L’aggressione da parte di una baby gang subita da un 16enne alla stazione della Metropolitana del Policlinico è solo l’ultimo degli episodi di violenza tra minori che si sono verificati ultimamente nel napoletano: Arturo, Gaetano, i due amici picchiati con una catena a Pomigliano d’Arco sono adolescenti con l’unica colpa di essersi trovati nel posto sbagliato al momento sbagliato, vittime dell’impulso violento e immotivato di loro coetanei. Un problema che si manifesta in egual misura in tutta Italia. Le chiamano baby gang, ma forse sarebbe più corretto parlare di branco di adolescenti violenti in azione. Perché se i connotati della baby gang fanno riferimento alla microcriminalità organizzata, il branco invece è un’aggregazione di ragazzi affratellati che mette in atto comportamenti devianti più impulsivi, meno strutturati e che spesso agisce senza motivazione apparente. Infatti è proprio il branco (baby gang) ad abbassare la soglia di percezione dell’illecito e a deumanizzare la vittima, per giustificare le proprie imprese e stabilire con essa rapporti interpersonali prevaricatori e vessatori. Un modo, per questi giovani “a metà”, di avere la libertà dell’adulto e l’irresponsabilità del bambino, per attuare comportamenti appaganti e rafforzativi dell’autostima, ben lontano da quelli proposti da scuola e società.
Ma quali le cause?
Contesti familiari problematici sono certamente la prima causa precipitante di un disagio generazionale sempre più diffuso tra i ragazzi. Conflitti, separazioni, divorzi, perdite, latitanza del controllo genitoriale, abusi di vario tipo. Provenienza da famiglie multiproblematiche, a volte eccessivamente accondiscendenti o iperprotettive e non necessariamente avviluppate in una condizione di disagio economico.
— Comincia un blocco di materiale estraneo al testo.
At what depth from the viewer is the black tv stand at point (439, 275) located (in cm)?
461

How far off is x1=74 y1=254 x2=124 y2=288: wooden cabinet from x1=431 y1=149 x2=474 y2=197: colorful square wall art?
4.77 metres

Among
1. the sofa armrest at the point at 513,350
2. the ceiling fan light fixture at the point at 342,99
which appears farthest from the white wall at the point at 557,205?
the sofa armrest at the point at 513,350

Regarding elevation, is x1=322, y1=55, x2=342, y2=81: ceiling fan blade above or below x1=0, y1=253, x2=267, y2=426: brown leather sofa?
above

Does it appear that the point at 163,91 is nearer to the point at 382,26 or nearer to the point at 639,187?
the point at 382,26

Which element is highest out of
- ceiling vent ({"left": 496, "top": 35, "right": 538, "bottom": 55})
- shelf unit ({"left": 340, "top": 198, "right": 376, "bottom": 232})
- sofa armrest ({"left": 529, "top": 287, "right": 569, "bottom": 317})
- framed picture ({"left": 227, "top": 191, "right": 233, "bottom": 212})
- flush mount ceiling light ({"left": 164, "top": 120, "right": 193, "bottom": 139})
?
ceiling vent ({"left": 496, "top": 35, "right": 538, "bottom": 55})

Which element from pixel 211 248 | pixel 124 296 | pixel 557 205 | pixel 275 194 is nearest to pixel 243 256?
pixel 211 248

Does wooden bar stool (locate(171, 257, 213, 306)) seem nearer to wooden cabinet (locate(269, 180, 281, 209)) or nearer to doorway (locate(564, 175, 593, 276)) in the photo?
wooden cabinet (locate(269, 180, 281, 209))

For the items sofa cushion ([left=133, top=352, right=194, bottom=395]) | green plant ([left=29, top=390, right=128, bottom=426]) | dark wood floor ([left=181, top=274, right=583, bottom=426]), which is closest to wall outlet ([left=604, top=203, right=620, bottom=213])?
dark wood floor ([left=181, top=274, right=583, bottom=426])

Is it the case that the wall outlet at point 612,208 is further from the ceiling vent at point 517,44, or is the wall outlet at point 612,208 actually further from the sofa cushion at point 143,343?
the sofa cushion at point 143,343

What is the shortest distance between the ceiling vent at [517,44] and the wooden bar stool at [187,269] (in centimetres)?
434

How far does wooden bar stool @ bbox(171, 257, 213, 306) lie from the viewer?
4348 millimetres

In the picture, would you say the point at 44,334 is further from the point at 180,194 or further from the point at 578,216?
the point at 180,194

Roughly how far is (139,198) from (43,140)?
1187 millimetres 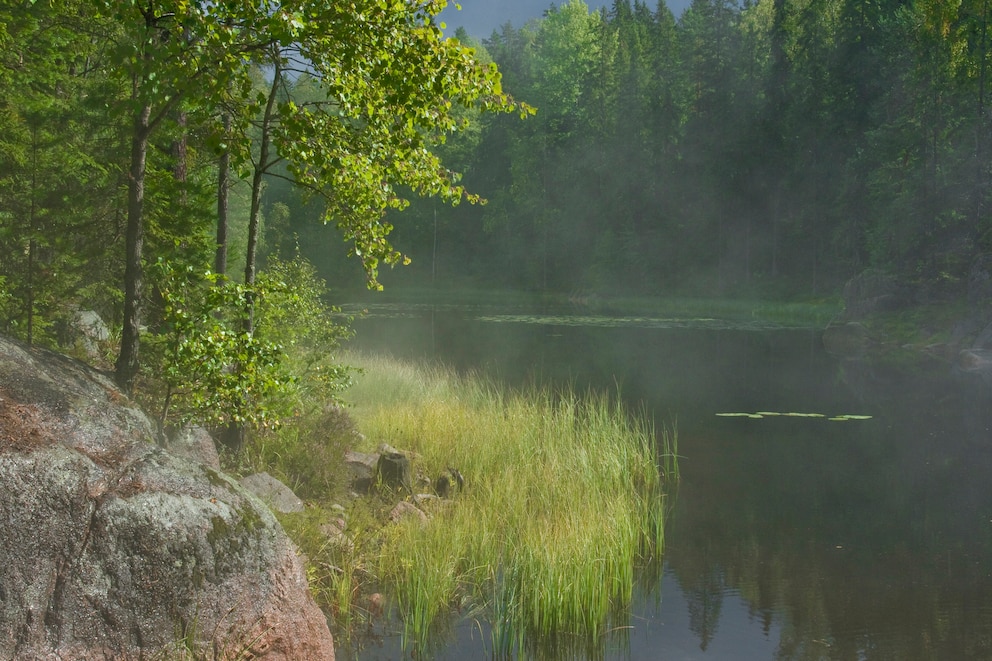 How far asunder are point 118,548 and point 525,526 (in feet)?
16.8

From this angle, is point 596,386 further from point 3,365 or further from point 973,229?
point 973,229

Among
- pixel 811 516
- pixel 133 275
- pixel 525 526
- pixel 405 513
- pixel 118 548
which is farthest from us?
pixel 811 516

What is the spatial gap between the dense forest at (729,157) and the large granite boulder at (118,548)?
1466 inches

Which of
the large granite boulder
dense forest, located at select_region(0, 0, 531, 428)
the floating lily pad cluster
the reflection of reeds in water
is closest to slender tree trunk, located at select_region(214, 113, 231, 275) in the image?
dense forest, located at select_region(0, 0, 531, 428)

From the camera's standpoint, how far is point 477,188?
87.8 meters

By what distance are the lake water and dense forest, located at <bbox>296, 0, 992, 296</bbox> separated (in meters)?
18.3

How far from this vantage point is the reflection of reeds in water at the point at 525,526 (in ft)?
26.2

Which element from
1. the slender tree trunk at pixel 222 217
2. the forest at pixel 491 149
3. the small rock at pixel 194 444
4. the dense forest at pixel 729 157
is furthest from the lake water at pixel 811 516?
the dense forest at pixel 729 157

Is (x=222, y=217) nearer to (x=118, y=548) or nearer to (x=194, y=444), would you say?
(x=194, y=444)

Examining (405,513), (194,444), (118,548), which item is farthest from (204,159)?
(118,548)

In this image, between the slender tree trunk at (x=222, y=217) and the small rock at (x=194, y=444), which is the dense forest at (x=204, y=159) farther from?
the small rock at (x=194, y=444)

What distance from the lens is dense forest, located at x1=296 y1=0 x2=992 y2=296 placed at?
134 ft

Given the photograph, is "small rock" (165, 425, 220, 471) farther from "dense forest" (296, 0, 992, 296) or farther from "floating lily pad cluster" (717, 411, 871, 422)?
"dense forest" (296, 0, 992, 296)

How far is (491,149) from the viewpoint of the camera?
85.8 metres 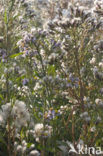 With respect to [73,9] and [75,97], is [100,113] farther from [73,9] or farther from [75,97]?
[73,9]

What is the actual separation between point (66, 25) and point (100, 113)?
826 mm

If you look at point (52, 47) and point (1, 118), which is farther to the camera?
point (52, 47)

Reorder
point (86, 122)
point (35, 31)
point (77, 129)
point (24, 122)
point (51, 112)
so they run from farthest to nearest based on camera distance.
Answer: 1. point (35, 31)
2. point (77, 129)
3. point (51, 112)
4. point (86, 122)
5. point (24, 122)

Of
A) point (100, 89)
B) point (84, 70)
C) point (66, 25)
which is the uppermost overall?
point (66, 25)

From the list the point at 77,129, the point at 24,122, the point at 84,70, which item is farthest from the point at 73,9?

A questo si aggiunge il profilo di una generazione digitale, iper connessa, social, multitasking che passa giornate in rete, fino ad arrivare allo scollamento definitivo con la realtà. Pensiamo ai profili facebook fasulli, ai giochi che simulano vite parallele, ai nick, agli avatar. Ci si conosce in rete, ci si innamora, flirta, spoglia, ci si prende e ci si lascia. Tutto on line, immersi in surrogati di affettività che generano isolamento e marginalizzazione.
Nasce allora negli adolescenti il comportamento violento, spesso per contagio, per emulazione, con la convinzione di rimanere impuniti: sotto i 14 anni non sono imputabili, sopra i 14 anni si devono valutare tutta una serie di fattori, tra cui la capacità di intendere e di volere.
Uno sbaraglio generale che si ripercuote su di loro, che crescono senza paura, senza timore di una punizione, di una sanzione, alimentandosi sul web di serie in streaming che osannano i comportamenti criminali, i cui protagonisti diventano i loro idoli.
Il procuratore nazionale Antimafia Franco Roberti afferma: “I ragazzi vanno sottratti alla camorra: senza la scuola, senza una cinematografia e una letteratura che propongano modelli migliori dei personaggi di Gomorra, senza una prospettiva di lavoro e senza lo sport che educa alla lealtà e al rispetto delle regole, saranno lasciati sempre soli”.
Ovviamente, non è una serie, un videogioco, un video che creano un criminale, ma in una psiche già deviata, labile e predisposta, può essere un fattore condizionante e di rinforzo. Questo porta ad avere sempre più dei profili di rischio, non per forza legati a quartieri o a condizioni difficili. Spesso sono ragazzi benestanti, che provengono da famiglie con un livello socio-economico elevato, che comunque non vivono in periferia in mezzo alla criminalità, ma che vanno a scuola e potrebbero avere un futuro diverso da quello che generano con i loro comportamenti. Ma, se questo potere persuasivo esiste o se esiste almeno nel caso di soggetti già predisposti, tenerne conto non è un obbligo morale, ma una scelta possibile.